• Your goal: Exact copy, no pictures: return all the data below as written.

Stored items
● ● ● ● ●

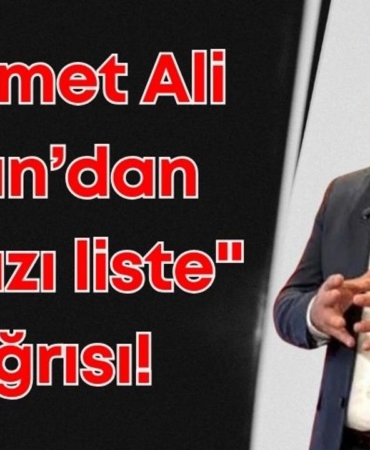 alkan-kirmizi-liste.jpg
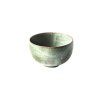 Servirna skleda GREEN FADE, 11 cm, 300 ml, MIJ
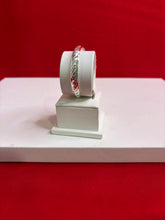 Pure Silver Kids kada 1.7 (kk89)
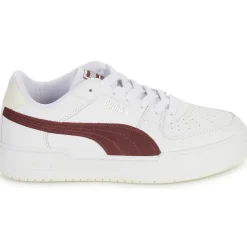 Puma - CA Pro Suede FS< Baskets Mode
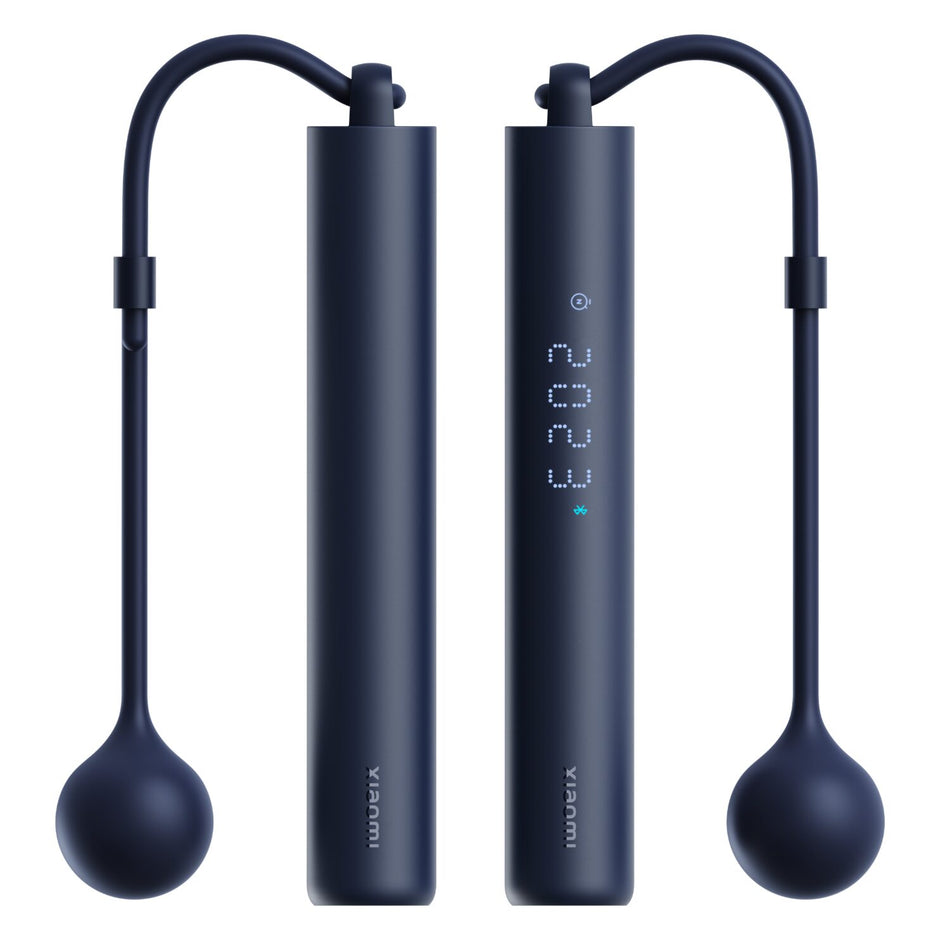 Image 1 for Xiaomi Smart Jump Rope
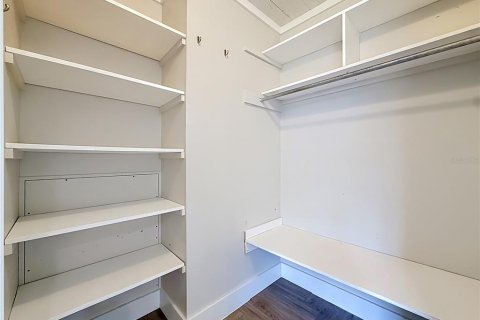 Купить виллу или дом в Семинол, Флорида 3 комнаты, 142.98м2, № 2149740 - фото 21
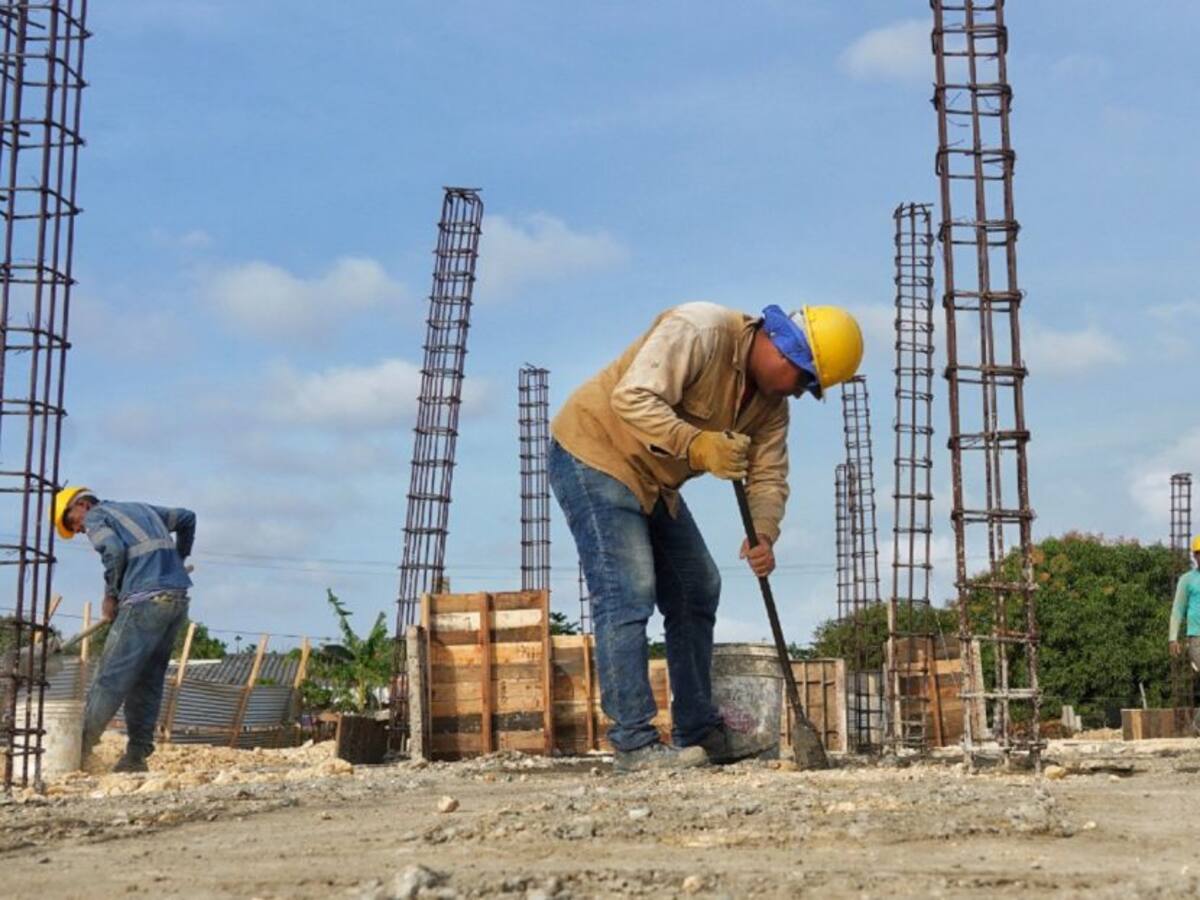 En septiembre estaría listo Centro de Bienestar Animal en Barranquilla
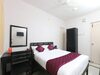 Hotel Oyo 11661 Krishna Park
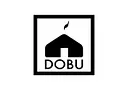 Dobu Technology LLC logo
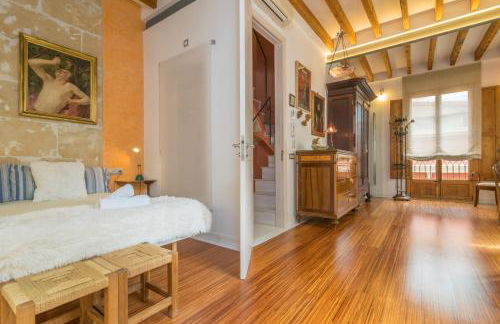 Miraclet - Adults Only - Foto 59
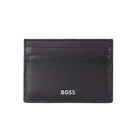 BOSS RANDY_N CARD CASE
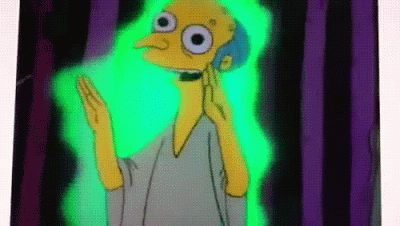 900df26dacec1f82f518bece4fa63256.gif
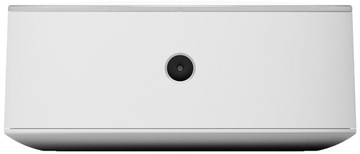 TESLA TSL-SEN-SIREN комнатная сирена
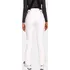 Snowboardové kalhoty Kilpi Dione-W UL0408KIWHT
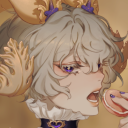 46cmawayfromyou avatar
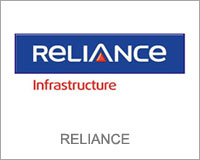 RELIANCE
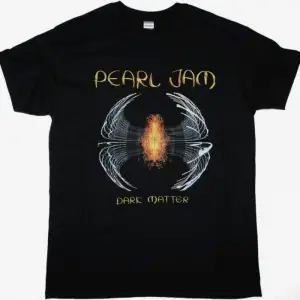 CINDERELLA UNFINISHED BUSINESS TOUR 98 NEW BLACK T SHIRT ÖN BASKILI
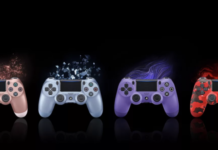 Sony PlayStation 5 – возможен мультиплеер в любой игре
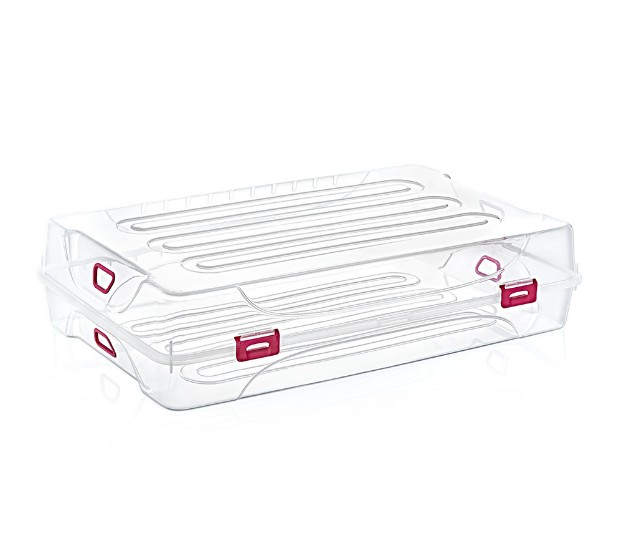 AYAKKABI KUTUSU ÇİZME SAKLAMA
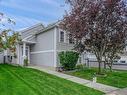 7943 14 Av Sw, Edmonton, AB 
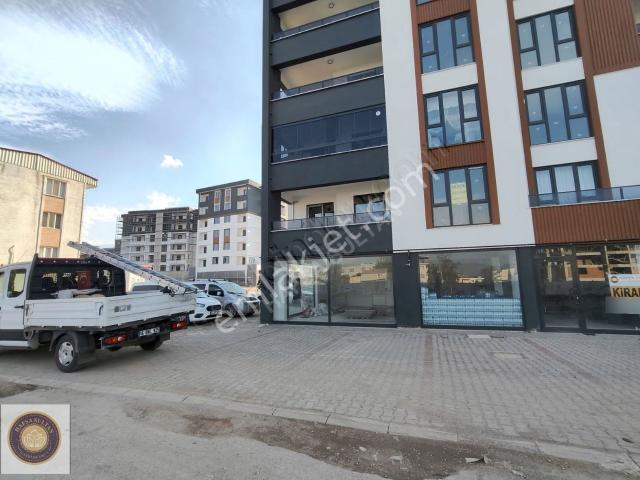 Yildirim, Bursa içerisinde kiralık Dükkan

● ● ● ● ●

• Task answer:
 alkan-kirmizi-liste.jpg
 Servirna skleda GREEN FADE, 11 cm, 300 ml, MIJ
 Pure Silver Kids kada 1.7 (kk89)
 Puma - CA Pro Suede FS< Baskets Mode
 Image 1 for Xiaomi Smart Jump Rope
 Купить виллу или дом в Семинол, Флорида 3 комнаты, 142.98м2, № 2149740 - фото 21
 En septiembre estaría listo Centro de Bienestar Animal en Barranquilla
 Hotel Oyo 11661 Krishna Park
 Dobu Technology LLC logo
 Miraclet - Adults Only - Foto 59
 BOSS RANDY_N CARD CASE
 900df26dacec1f82f518bece4fa63256.gif
 TESLA TSL-SEN-SIREN комнатная сирена
 Snowboardové kalhoty Kilpi Dione-W UL0408KIWHT
 46cmawayfromyou avatar
 RELIANCE
 CINDERELLA UNFINISHED BUSINESS TOUR 98 NEW BLACK T SHIRT ÖN BASKILI
 Sony PlayStation 5 – возможен мультиплеер в любой игре
 AYAKKABI KUTUSU ÇİZME SAKLAMA
 7943 14 Av Sw, Edmonton, AB 
 Yildirim, Bursa içerisinde kiralık Dükkan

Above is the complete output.